Given material.
—————
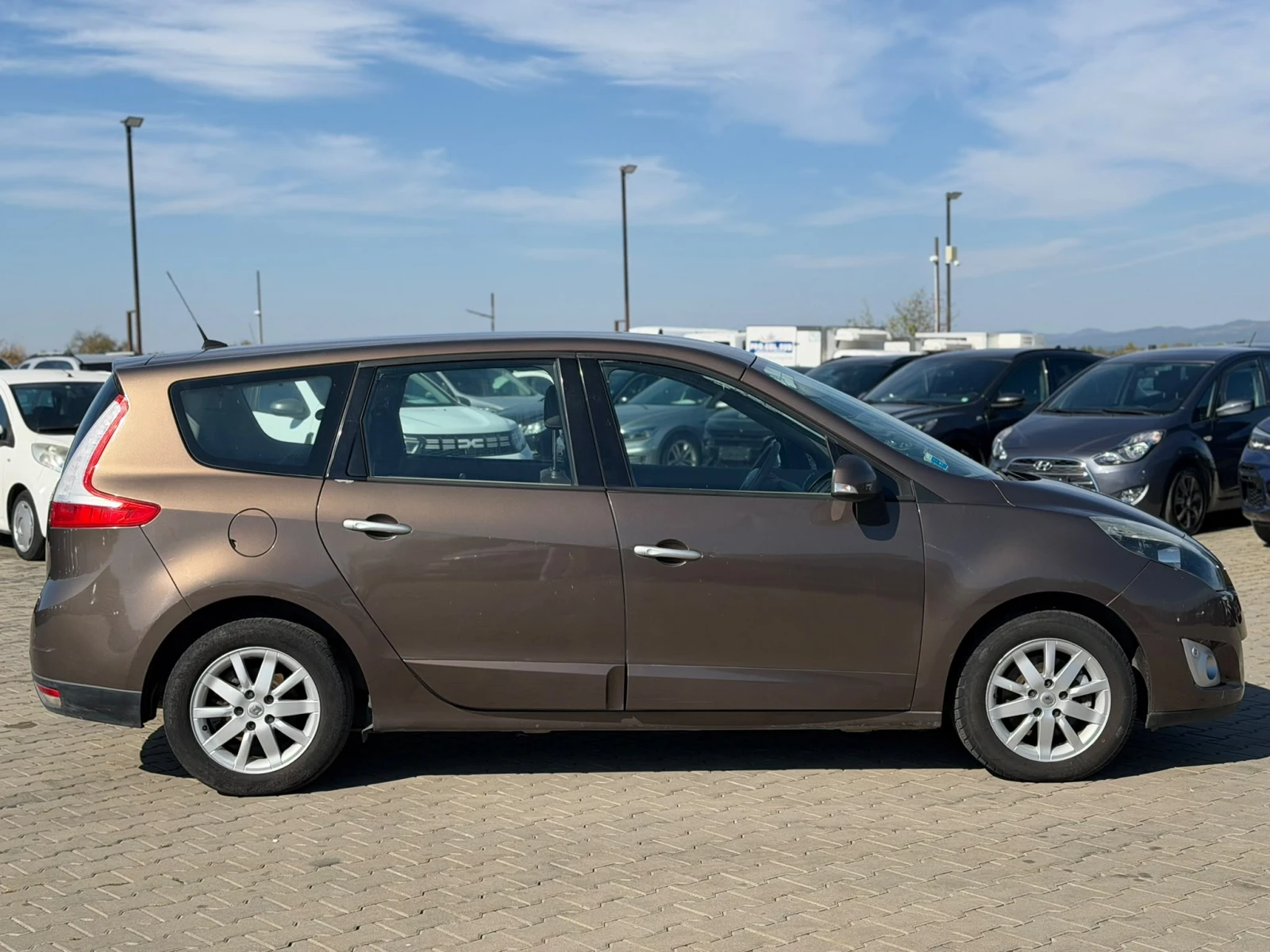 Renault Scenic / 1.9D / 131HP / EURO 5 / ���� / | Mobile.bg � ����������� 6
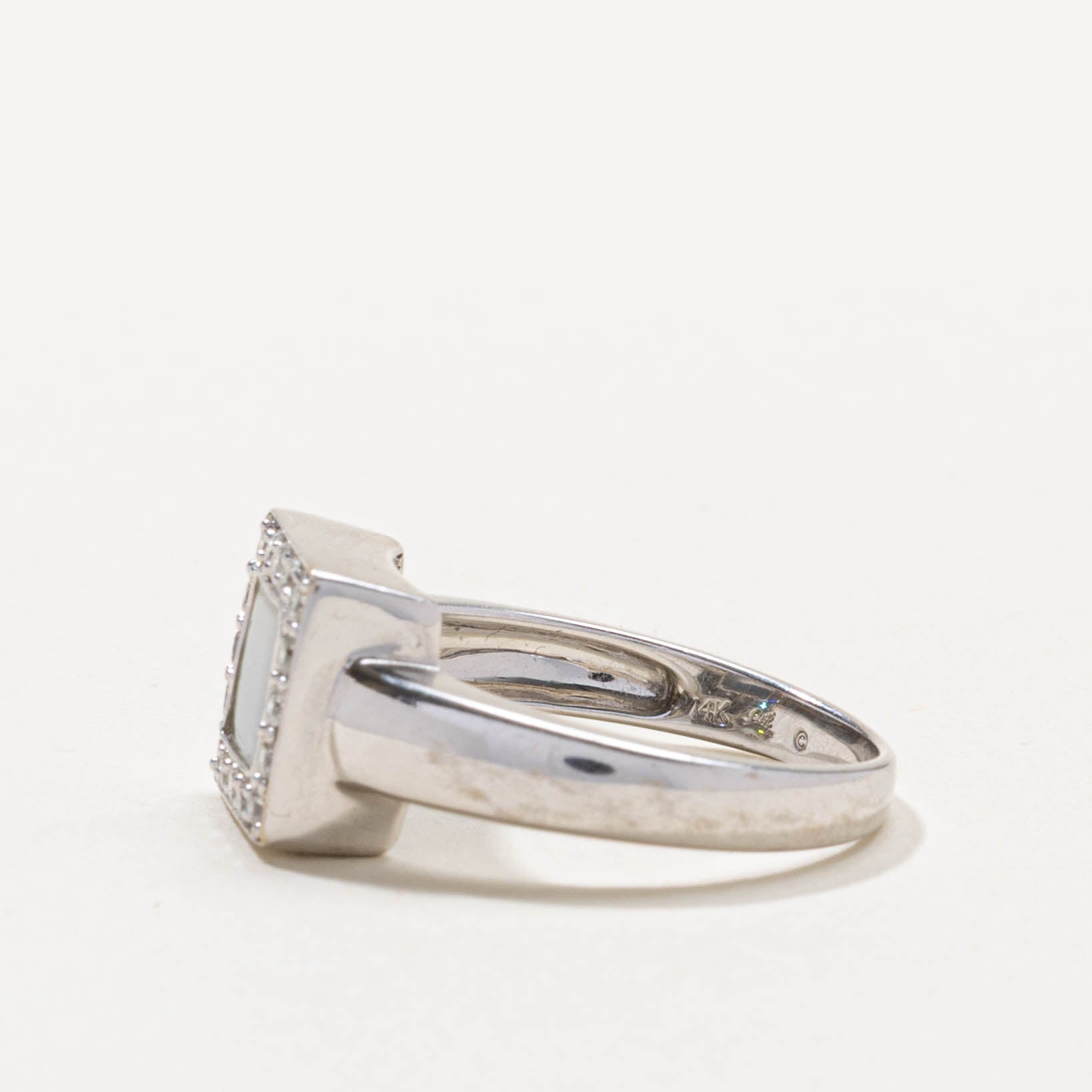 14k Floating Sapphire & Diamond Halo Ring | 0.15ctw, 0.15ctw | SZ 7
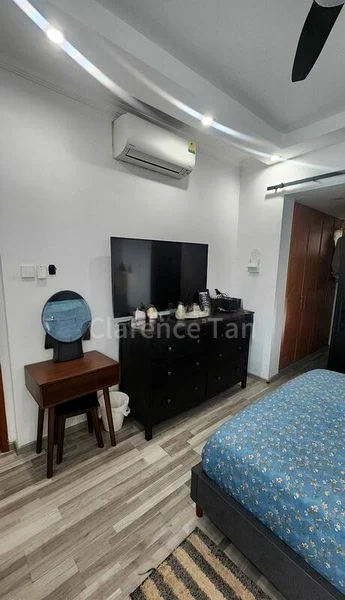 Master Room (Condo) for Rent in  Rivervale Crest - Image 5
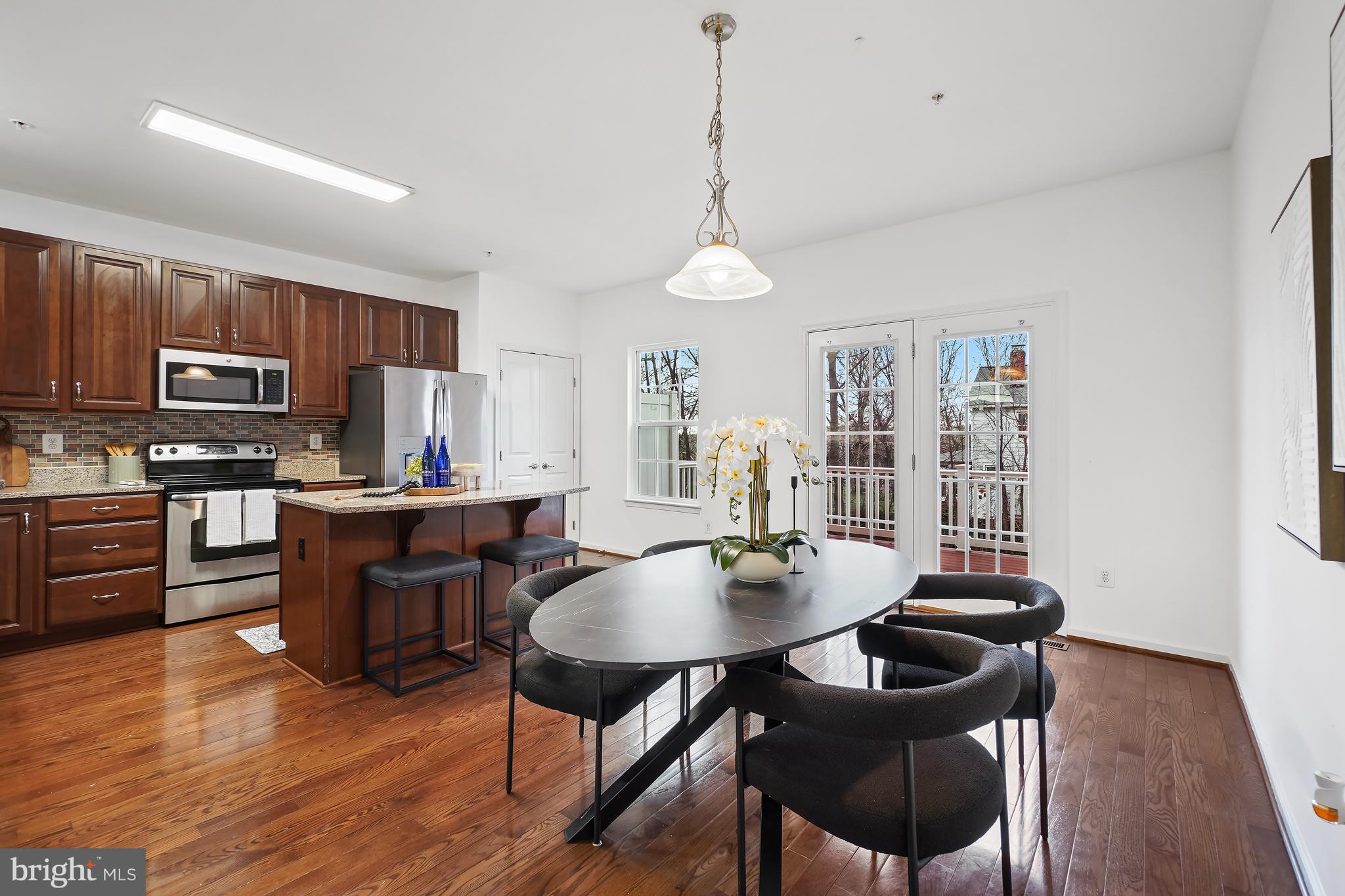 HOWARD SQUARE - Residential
—————
Your copy must repeat the data word for word and show none of its images.

 Renault Scenic / 1.9D / 131HP / EURO 5 / ���� / | Mobile.bg � ����������� 6
 14k Floating Sapphire & Diamond Halo Ring | 0.15ctw, 0.15ctw | SZ 7
 Master Room (Condo) for Rent in  Rivervale Crest - Image 5
 HOWARD SQUARE - Residential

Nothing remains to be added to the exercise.